Work item:
The lines below from the one with "Vi Hilbert Hall" up to and including the one with "Ein Essbereich mit" are what you should set down, exactly and without pictures.

Provided information:

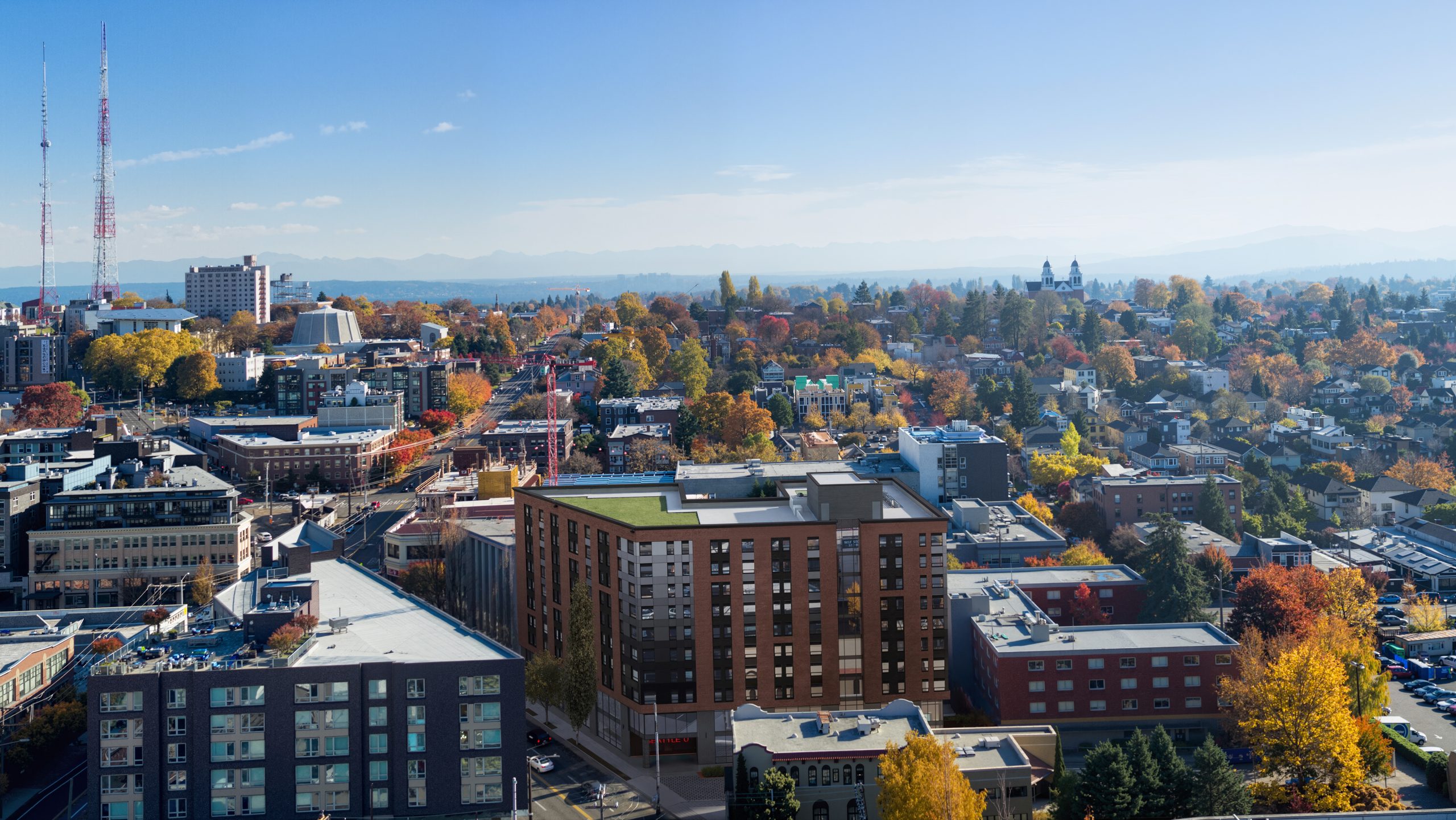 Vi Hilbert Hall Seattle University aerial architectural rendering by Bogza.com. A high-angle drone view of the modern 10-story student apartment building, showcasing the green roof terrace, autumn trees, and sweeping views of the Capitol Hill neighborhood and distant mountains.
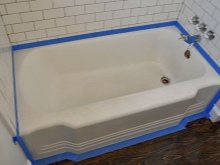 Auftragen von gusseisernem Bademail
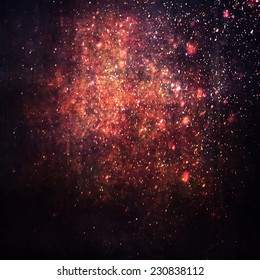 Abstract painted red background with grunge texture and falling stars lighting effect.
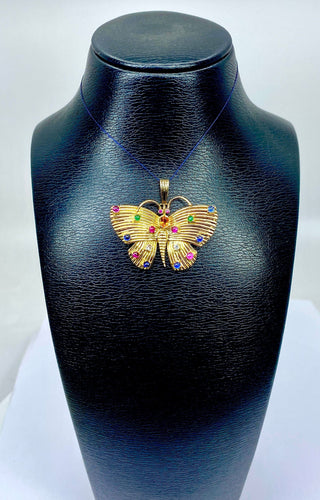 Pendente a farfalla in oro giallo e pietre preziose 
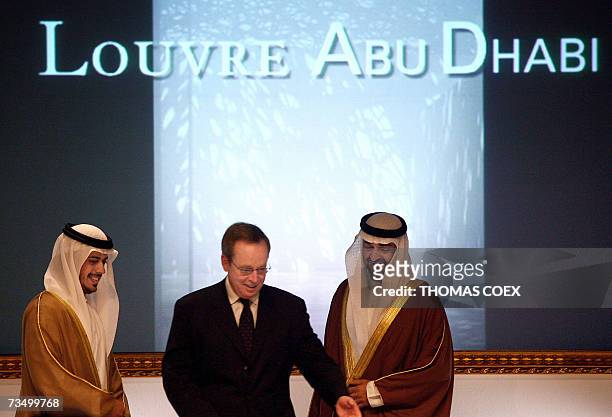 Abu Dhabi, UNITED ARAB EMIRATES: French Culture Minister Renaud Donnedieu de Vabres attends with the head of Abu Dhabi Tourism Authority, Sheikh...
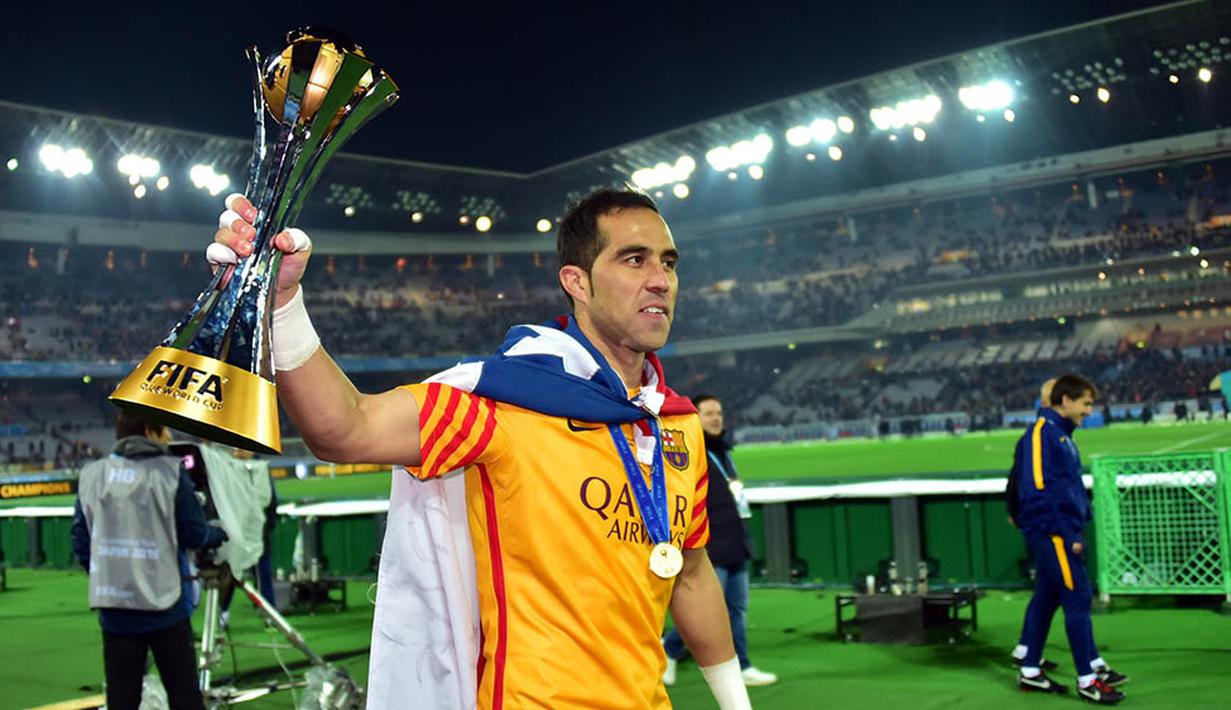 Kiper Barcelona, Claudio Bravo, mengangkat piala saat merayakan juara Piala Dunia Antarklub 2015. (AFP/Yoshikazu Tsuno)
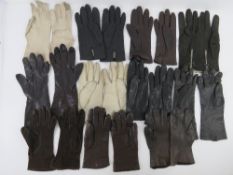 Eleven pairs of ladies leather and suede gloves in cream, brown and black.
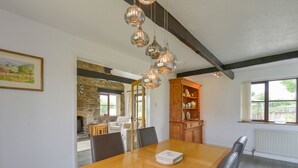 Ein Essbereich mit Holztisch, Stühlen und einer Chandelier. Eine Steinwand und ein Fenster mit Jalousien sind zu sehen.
...
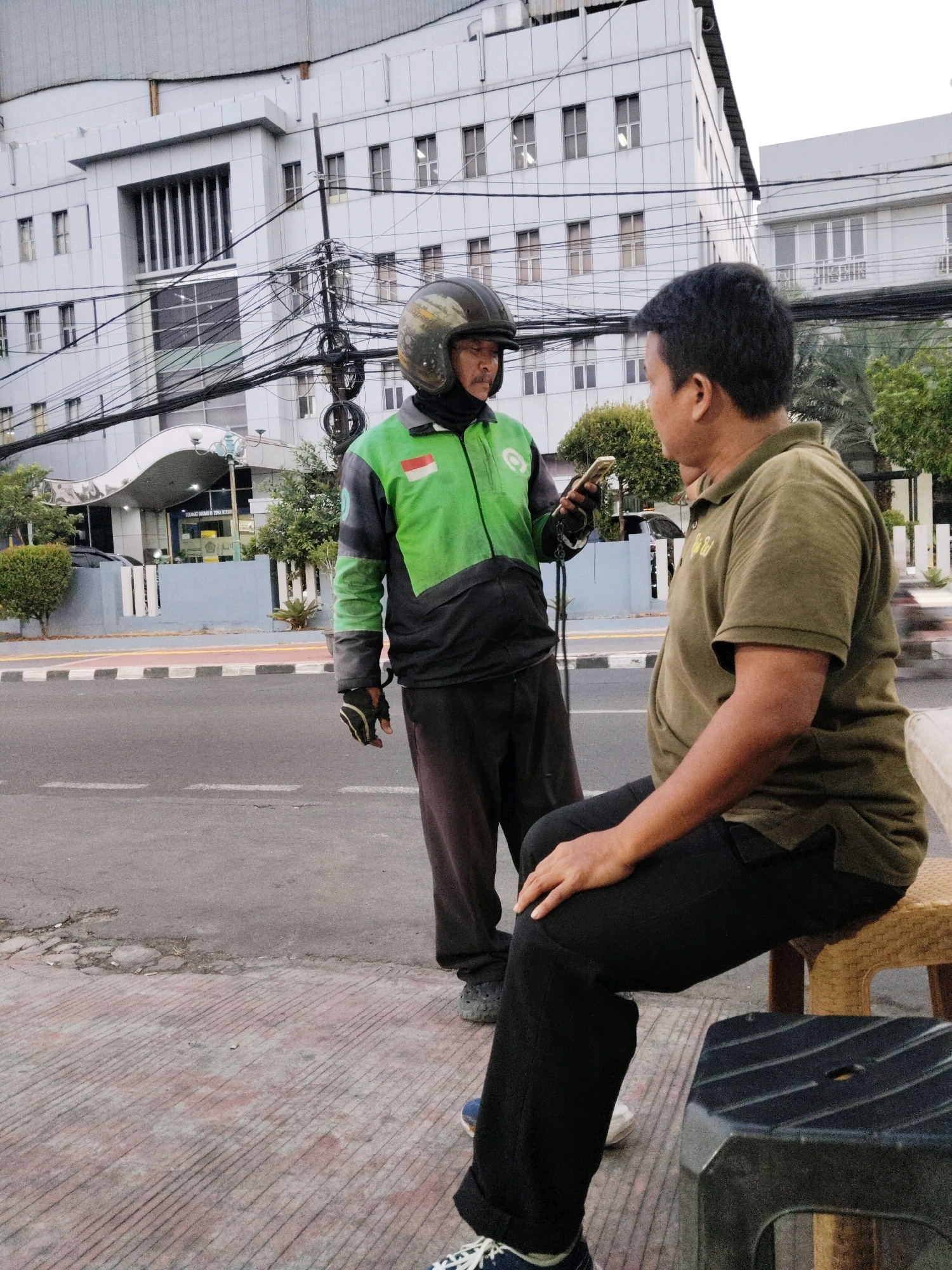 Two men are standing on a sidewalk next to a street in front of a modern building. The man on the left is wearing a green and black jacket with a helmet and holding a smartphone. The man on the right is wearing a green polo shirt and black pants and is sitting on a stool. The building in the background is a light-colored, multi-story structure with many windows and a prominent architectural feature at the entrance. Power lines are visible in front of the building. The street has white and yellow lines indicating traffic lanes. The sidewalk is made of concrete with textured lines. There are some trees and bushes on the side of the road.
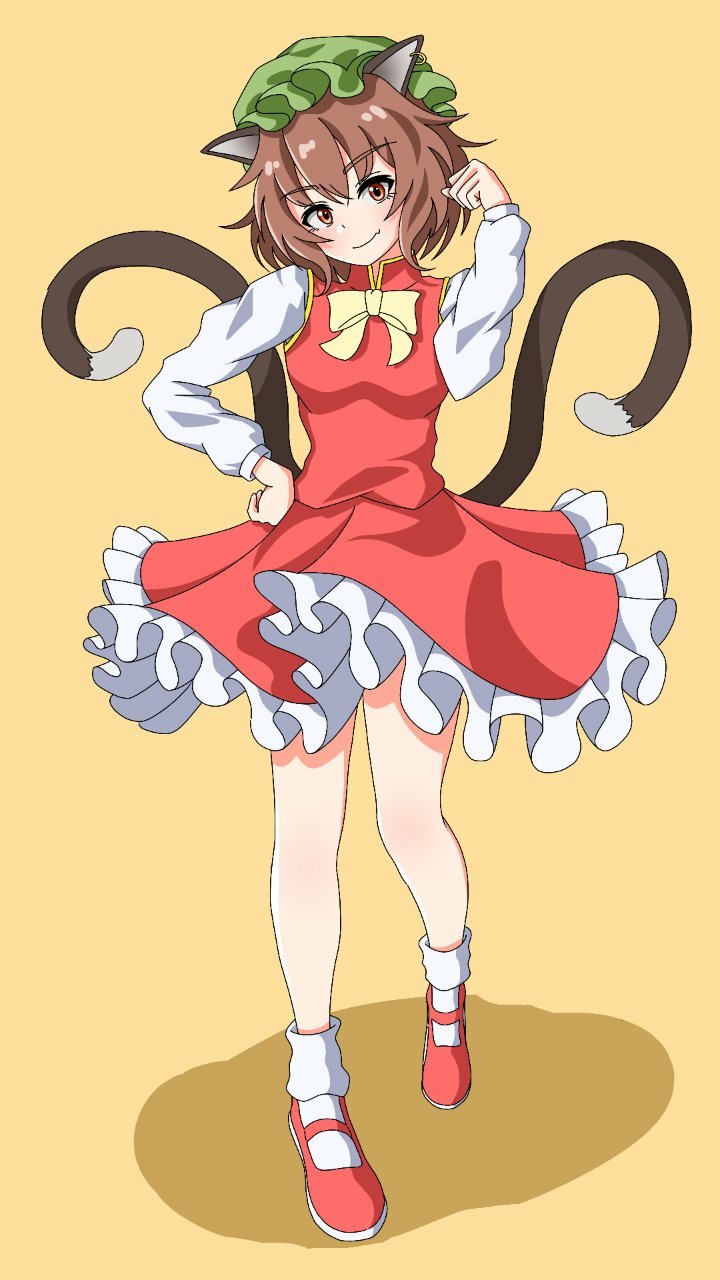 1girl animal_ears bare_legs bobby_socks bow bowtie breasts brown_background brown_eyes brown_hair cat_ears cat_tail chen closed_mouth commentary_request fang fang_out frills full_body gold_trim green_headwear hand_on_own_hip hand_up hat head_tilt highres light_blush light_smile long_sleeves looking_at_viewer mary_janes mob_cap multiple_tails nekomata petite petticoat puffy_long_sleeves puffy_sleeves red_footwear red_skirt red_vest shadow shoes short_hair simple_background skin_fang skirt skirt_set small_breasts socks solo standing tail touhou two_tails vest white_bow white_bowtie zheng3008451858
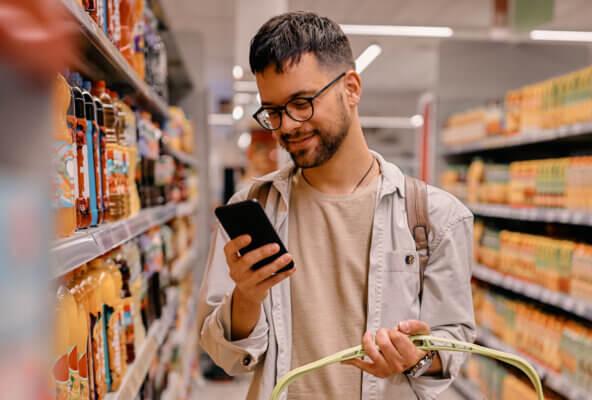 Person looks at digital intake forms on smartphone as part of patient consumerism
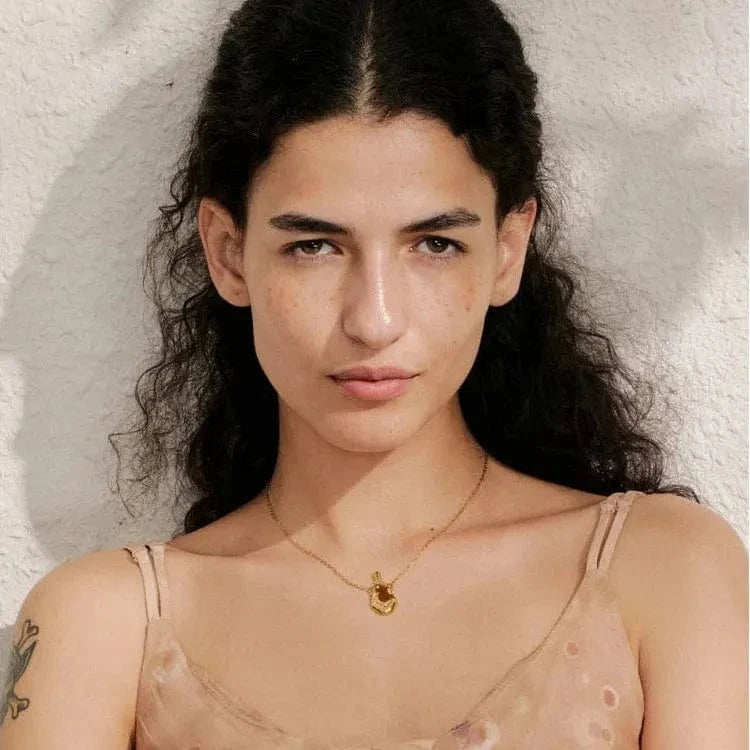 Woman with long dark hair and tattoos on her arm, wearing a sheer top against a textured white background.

Completed exercise:
 Vi Hilbert Hall Seattle University aerial architectural rendering by Bogza.com. A high-angle drone view of the modern 10-story student apartment building, showcasing the green roof terrace, autumn trees, and sweeping views of the Capitol Hill neighborhood and distant mountains.
 Auftragen von gusseisernem Bademail
 Abstract painted red background with grunge texture and falling stars lighting effect.
 Pendente a farfalla in oro giallo e pietre preziose 
 Abu Dhabi, UNITED ARAB EMIRATES: French Culture Minister Renaud Donnedieu de Vabres attends with the head of Abu Dhabi Tourism Authority, Sheikh...
 Kiper Barcelona, Claudio Bravo, mengangkat piala saat merayakan juara Piala Dunia Antarklub 2015. (AFP/Yoshikazu Tsuno)
 Eleven pairs of ladies leather and suede gloves in cream, brown and black.
 Ein Essbereich mit Holztisch, Stühlen und einer Chandelier. Eine Steinwand und ein Fenster mit Jalousien sind zu sehen.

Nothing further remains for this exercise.